Having just endured the ghastly performance taken place in the Capital, it’s back to ghastly business as usual, watching the flotsam circle the drain and wonder who gets sucked down first …
– America dodged the default bullet but the same interests who held the country hostage are still alive and free to walk around outside.
– Budget roulette shows that people learn fast, everyone is ‘Doing the Paulson’ like crazy and taking hostages. Obviously some sort of default will take place at some point in the future and the game-playing will end. Interests won’t be walking around outside, anymore. Part of the big picture problem has been the excess moral hazard, nobody is held accountable for anything.
– The fact of economic hostage taking and its necessity indicates ‘Business As Usual’ is losing its grip. The enterprise cannot justify itself by way of rational economic arguments: it must threaten its own extinction in order to obtain permission … to undermine itself! How Bizarre. Business is in a coffin corner: it needs exponentially expanding debt to continue to profit even as the costs of that debt have become far too great for any economy to service.
Nothing new here: industrial economies lose money. They cannot operate for long out of their own cash flow. Our ‘innovative’ businessmen have decided our money-losing economy is so important the government itself needs to be sacrificed to it. This is pure desperation: it means there country is running out of things/places/ideals/processes/resources to hurl into the furnace! Now what?
Extortion is showing diminishing returns. The thing held hostage is diminished in worth by the process of being held hostage! The currently decrepit economy hardly justifies the effort, it must borrow from the hostage-taker to pay its own ransom.
Indeed, business has been awful, for years and years. Why else did the country run up fifty trillion dollars in debts in the first place? Where are the organic profits? When do these show up? Do they ever?
Debt is monetized losses or risk, rented to ‘entrepreneurs’ and finance ‘innovators’. That is why the world’s economies embrace finance: their ‘productive’ petroleum-driven enterprises all lose money! Some means must be found to disguise the onrunning indebtedness that results and spread the losses to … the elderly or cats and dogs!
A failure at such profound levels needs to be replaced by something better, right?
Figure 1: Chart of sovereign nations’ debt burden relative to GDP. (Atlantic) Click for big:
Figure 2: Non- Finance Business debt/GDP.
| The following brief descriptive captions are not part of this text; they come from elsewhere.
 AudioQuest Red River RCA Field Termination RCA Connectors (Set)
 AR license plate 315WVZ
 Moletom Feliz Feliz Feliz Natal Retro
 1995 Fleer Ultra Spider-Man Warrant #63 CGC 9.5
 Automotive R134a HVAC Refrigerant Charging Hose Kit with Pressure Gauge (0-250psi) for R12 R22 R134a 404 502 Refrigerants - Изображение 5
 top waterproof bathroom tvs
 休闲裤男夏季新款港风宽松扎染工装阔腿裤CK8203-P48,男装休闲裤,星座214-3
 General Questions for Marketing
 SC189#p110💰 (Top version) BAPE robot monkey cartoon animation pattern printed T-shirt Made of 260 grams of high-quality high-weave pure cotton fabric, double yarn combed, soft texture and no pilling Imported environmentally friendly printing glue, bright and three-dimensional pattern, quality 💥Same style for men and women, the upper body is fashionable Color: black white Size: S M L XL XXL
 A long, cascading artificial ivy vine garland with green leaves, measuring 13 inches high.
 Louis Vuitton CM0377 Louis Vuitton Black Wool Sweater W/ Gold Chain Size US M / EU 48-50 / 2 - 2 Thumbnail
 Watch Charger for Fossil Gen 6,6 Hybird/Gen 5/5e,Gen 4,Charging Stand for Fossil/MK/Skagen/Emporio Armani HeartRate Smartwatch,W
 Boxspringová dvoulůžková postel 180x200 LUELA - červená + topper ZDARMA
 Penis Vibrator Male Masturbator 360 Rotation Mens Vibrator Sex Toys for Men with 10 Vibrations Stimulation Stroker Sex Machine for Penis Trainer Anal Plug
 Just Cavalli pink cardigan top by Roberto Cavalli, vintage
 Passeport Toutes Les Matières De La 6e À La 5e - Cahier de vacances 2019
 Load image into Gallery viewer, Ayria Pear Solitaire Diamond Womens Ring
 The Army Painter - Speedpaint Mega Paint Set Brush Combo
All the countries are broke. Industrialization does not earn enough to support itself. Instead, its artifacts become collateral for promises that are ultimately never honored. It is not that our economies contain the occasional Ponzi scheme, our economies ARE Ponzi schemes. In order to keep our enterprise lurching along some significant economic entity must continually absorb system losses and be able to monetize them.
Otherwise nobody would earn anything!
This is why there aren’t any real cuts in the debt ceiling agreement. There can’t be! Any cuts and businesses will fail which in turn would lead to the debt overhang to delever.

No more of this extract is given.